Karma Forward
Backpacking Experience
Before 2015 had never backpacked or camped alone. Spent three months northbounding the PCT in '15, gave him a sense of preparedness for SOBOing 2016
Training
Knocked out a hike or two in San Diego, but completed nothing over 10 miles. This was in large part due to an intensive work schedule -- the price of taking months off at a time.
Start
July 7th at Harts Pass
Hike Result
Got off trail around mid-August.
LIFE NARRATIVE
Karma Forward was born in Spain, the child of two US Navy personnel. Raised on military bases overseas, he finally moved back to the United states at the age of 17. After the usual rebelliousness and adolescent angst, he reconciled himself with his Americanism then immediately shipped himself off to Hawaii where studied Ethics and Philosophy Science and Religion.

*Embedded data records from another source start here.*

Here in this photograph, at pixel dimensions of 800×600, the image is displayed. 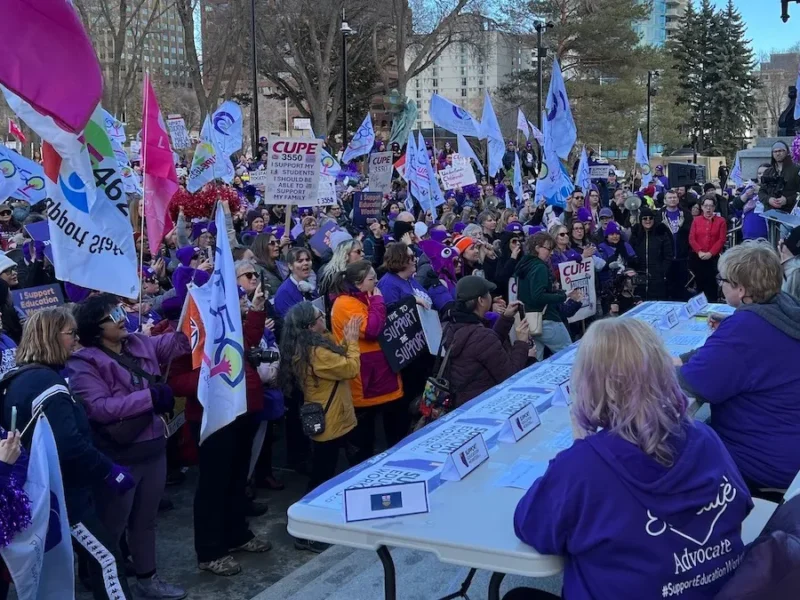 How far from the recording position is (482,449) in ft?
11.2

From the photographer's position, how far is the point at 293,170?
380 inches

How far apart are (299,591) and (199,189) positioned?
998 cm

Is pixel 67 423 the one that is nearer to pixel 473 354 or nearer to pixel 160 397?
pixel 160 397

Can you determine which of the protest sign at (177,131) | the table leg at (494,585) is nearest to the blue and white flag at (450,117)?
the protest sign at (177,131)

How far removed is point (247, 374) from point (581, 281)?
4.56m

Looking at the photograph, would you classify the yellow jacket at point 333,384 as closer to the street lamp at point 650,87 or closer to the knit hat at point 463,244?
the knit hat at point 463,244

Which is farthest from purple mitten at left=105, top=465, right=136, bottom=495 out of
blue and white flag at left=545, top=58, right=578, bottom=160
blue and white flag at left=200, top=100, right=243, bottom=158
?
blue and white flag at left=200, top=100, right=243, bottom=158

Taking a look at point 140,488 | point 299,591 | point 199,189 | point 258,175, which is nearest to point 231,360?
point 140,488

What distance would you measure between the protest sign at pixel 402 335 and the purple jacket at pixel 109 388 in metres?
2.18

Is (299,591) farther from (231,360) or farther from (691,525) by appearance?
(691,525)

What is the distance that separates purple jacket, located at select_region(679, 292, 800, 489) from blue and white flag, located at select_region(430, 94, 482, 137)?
13214 millimetres

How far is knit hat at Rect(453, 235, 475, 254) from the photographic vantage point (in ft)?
29.0

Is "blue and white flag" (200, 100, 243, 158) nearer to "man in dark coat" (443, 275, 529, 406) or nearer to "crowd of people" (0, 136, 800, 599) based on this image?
"crowd of people" (0, 136, 800, 599)

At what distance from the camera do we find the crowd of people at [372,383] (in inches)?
96.1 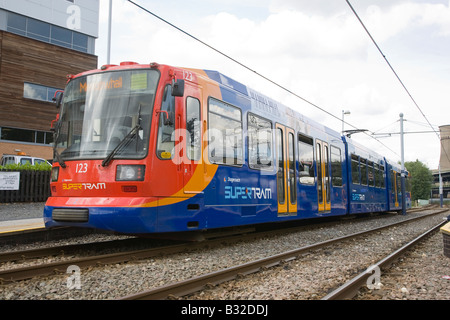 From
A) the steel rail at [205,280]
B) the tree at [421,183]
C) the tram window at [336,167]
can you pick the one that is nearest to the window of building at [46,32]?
the tram window at [336,167]

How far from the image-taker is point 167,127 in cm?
654

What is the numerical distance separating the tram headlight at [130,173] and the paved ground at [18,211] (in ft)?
22.2

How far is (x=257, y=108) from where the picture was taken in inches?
357

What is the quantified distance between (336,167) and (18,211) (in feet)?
35.3

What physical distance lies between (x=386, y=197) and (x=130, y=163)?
1764 cm

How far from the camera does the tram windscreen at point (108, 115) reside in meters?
6.39

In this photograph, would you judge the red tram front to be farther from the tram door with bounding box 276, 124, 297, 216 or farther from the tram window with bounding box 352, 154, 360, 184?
the tram window with bounding box 352, 154, 360, 184

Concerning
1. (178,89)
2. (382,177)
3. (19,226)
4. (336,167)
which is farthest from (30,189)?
(382,177)

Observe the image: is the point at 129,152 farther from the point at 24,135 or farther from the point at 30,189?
the point at 24,135

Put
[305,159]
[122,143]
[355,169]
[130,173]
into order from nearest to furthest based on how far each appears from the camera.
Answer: [130,173], [122,143], [305,159], [355,169]

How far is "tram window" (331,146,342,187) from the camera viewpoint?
1328cm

Ever the risk taker, Karma determined that bartending would be a swell career, and proceeded to make margaritas for the next dozen years or so, all the while burning through even less suitable jobs. Justin had done about half the PCT in 2015 nobo, and came back this year to try and complete the trail southbound. He stopped his thru-hike due to foot injures shortly after Stehekin, but stayed around the trail and continued hiking off and on until mid August. In total he’s now hiked 1,750 miles of the PCT.
NOBO vs. SOBO START
"The difference between Campo and Harts Pass was extraordinary for me on several fronts. Firstly the terrain could scarcely be more opposite in treacherousness, in amount of human contact, and in overall tone. I liken SOBOing to immediately starting in the high sierras. Climb up 5000, go-down 4000. Rinse and repeat.
The most dramatic difference for me however was that being so far removed from my home all at once had a deeply unsettling effect on my spirits. The wind was cold and I was always wet it seemed. I felt far more alone SOBOing even though, in some cases I truly wasn't. Suffice it to say, the effect was quite profound."
HIS TRAIL JOURNEY
"I took many breaks while SOBOing. I spent almost a week and a half exploring eastern Washington and towns few people outside their scarce residents had ever heard of. Why? I like to explore.

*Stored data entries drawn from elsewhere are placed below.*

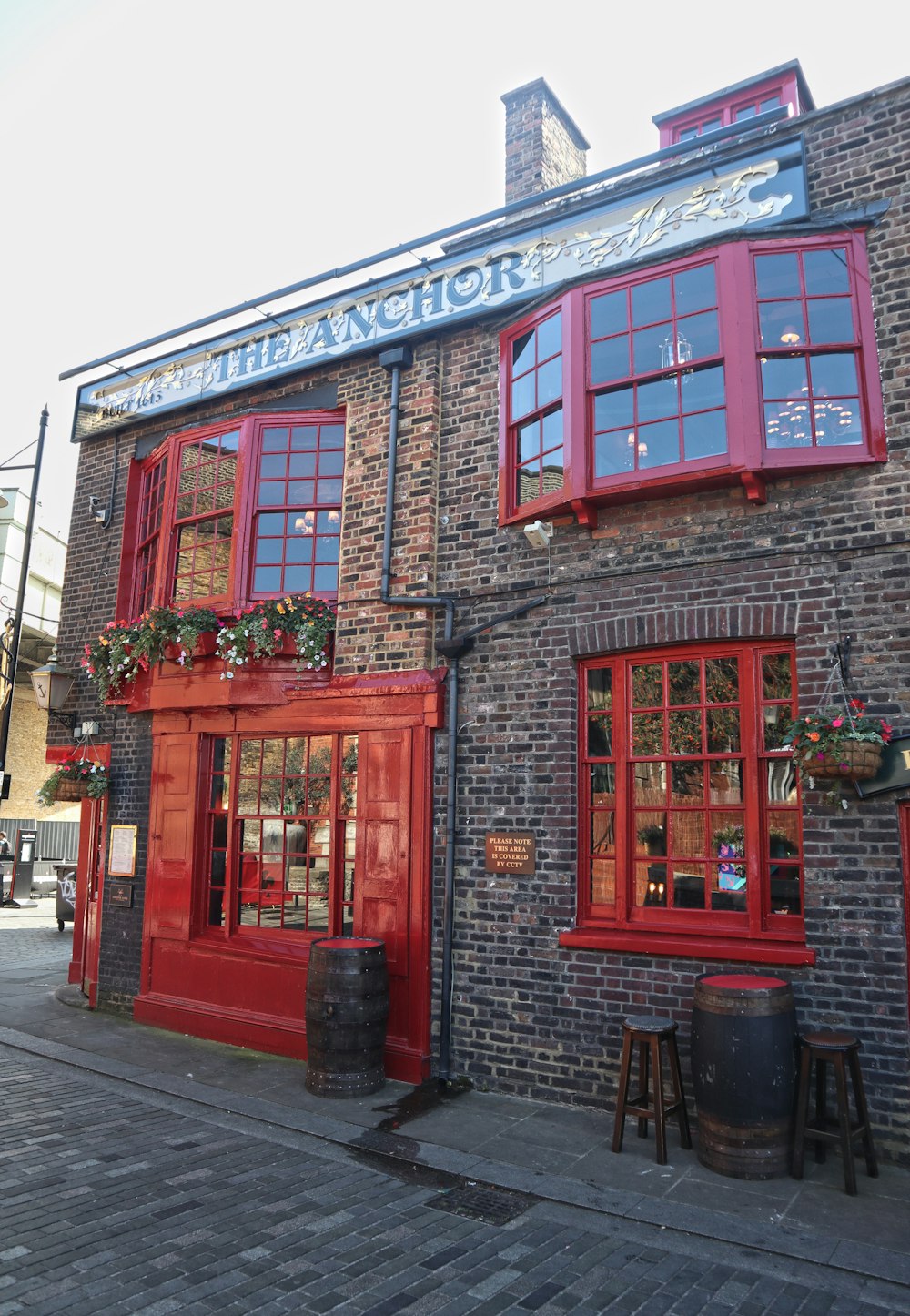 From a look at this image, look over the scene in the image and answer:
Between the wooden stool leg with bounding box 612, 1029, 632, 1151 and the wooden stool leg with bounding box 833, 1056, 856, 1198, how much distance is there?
1.23 meters

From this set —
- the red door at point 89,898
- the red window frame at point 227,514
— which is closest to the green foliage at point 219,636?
the red window frame at point 227,514

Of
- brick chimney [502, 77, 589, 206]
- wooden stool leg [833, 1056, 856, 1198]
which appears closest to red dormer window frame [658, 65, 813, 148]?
brick chimney [502, 77, 589, 206]

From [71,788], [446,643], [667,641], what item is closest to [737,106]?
[667,641]

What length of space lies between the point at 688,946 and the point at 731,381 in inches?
160

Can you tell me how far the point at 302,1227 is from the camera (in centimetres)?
483

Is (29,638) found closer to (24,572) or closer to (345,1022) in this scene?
(24,572)

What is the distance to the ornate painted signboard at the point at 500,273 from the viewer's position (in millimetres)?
7047

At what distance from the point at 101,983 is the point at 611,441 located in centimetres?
801

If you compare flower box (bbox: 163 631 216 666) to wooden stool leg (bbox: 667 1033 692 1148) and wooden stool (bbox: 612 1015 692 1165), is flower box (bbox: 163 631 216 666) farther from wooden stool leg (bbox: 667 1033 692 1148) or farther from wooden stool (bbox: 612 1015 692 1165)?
wooden stool leg (bbox: 667 1033 692 1148)

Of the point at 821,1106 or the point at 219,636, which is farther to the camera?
the point at 219,636

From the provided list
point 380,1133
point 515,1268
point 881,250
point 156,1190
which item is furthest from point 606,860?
point 881,250

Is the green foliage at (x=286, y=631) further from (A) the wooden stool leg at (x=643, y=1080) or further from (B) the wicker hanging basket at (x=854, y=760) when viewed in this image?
(B) the wicker hanging basket at (x=854, y=760)

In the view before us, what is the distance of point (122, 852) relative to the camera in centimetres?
1036

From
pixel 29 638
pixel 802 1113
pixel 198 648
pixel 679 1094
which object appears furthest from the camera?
pixel 29 638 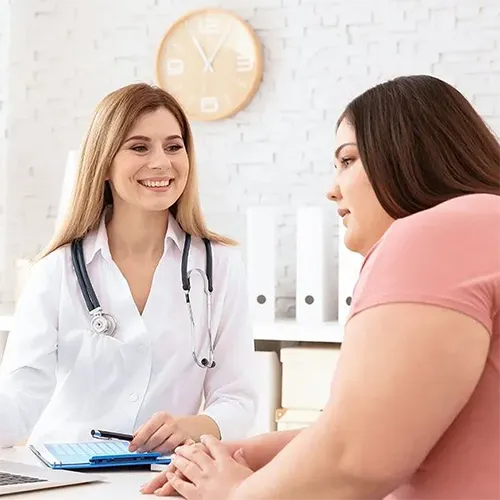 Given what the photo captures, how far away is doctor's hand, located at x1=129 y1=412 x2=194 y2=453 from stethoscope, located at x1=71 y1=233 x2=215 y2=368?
390 mm

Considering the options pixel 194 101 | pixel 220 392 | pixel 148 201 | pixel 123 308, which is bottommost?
pixel 220 392

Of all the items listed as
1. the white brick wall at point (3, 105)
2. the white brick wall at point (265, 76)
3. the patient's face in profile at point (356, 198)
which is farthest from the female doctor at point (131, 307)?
the white brick wall at point (3, 105)

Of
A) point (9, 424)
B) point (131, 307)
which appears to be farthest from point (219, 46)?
point (9, 424)

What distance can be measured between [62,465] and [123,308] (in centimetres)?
60

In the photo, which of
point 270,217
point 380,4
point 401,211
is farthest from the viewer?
point 380,4

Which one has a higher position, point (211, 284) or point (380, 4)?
point (380, 4)

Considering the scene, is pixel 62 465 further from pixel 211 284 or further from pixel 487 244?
pixel 487 244

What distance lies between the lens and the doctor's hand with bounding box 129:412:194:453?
1.86 metres

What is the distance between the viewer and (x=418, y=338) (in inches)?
42.8

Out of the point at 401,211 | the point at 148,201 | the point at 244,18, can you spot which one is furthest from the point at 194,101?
the point at 401,211

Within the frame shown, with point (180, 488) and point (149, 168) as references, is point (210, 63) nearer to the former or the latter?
point (149, 168)

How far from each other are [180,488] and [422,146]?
0.62 metres

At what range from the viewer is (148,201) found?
240 cm

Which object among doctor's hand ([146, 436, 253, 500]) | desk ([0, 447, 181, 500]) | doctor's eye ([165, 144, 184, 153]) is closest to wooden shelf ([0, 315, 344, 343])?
doctor's eye ([165, 144, 184, 153]) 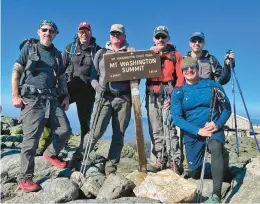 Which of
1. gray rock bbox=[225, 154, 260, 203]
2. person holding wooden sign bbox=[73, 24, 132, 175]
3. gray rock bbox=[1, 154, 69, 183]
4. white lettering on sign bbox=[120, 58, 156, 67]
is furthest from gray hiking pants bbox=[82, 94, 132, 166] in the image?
gray rock bbox=[225, 154, 260, 203]

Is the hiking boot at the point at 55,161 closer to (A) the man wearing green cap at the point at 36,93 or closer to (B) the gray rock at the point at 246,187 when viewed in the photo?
(A) the man wearing green cap at the point at 36,93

I wasn't at all disturbed to have finished my hike shortly after Stehekin, for several reasons. Firstly, my feet truly were in very bad shape: The result of poor decisions on my part but some quite necessary ones also. More importantly though, I didn't hike the PCT in 2016. Not really you see. I just needed to escape my life. To feel the fear again. Of course I told people I was hiking south. SOBOing and all, and I did to an extant. But I have never been one of those people, which are most of them if you think about it, that HAD to finish the trail. I just had to be alone and afraid and at my wits end.
I've been struggling with a great ideological demon for quite some time now. I'll be honest, I've been broken by this struggle in more ways than one. No one understands me much any longer. I’m a bit of an outcast even amongst outcasts I'm afraid. Just recently, I suffered another blow, where I was basically disavowed by my oldest friend. I tried to write about this struggle but inevitably find myself doing so in parables and narrative. My story “A dragons tale” is the beginning of one such telling. http://www.notthewaterreport.com/
In any case, my time SOBOing last year was an attempt to best the beast once and for all. I was able to fight him to a standstill, and in doing so, found a reason to live. That's what happened in the Northern Cascades for me. Immediately after I had made my decision the universe indulged me with a thousand verifications of the choice."
HIKING PHILOSOPHY
"When I came back from the PCT (both times) I would go hiking with people and they would get into these paces and just go non stop clambering up mountains at ungodly speeds. They would be disappointed at my lack of any apparent desire to do the same. I would inevitably lag behind distracting myself with some clouds or odd rock formation. At first I thought perhaps they simply wanted to impress me or even compare themselves to me and thus prove to themselves that they too could have hiked the PCT (even though i freely admit to only having hiked about 1750 miles of it myself.) Anyway it wasn't long before they stopped hiking with me. Perhaps they think of my hiking at all as some sort of fluke or something.
I’ll tell you something: these people don't enjoy hiking I think. I think they would enjoy it more if they looked around once in a while. If they ventured off trail and explored some hidden nook, they might find an interest in it. I'm sure I represent a different perspective when I say that self-improvement while noble in its ends, is quite limiting in its means. If all we know what to do with a mountain is climb it, then a sad and limited species we have become."
HIS TRAIL ADVICE
"Venture off trail.
Look for interesting people.
Don’t feel bound by anything but your own whims."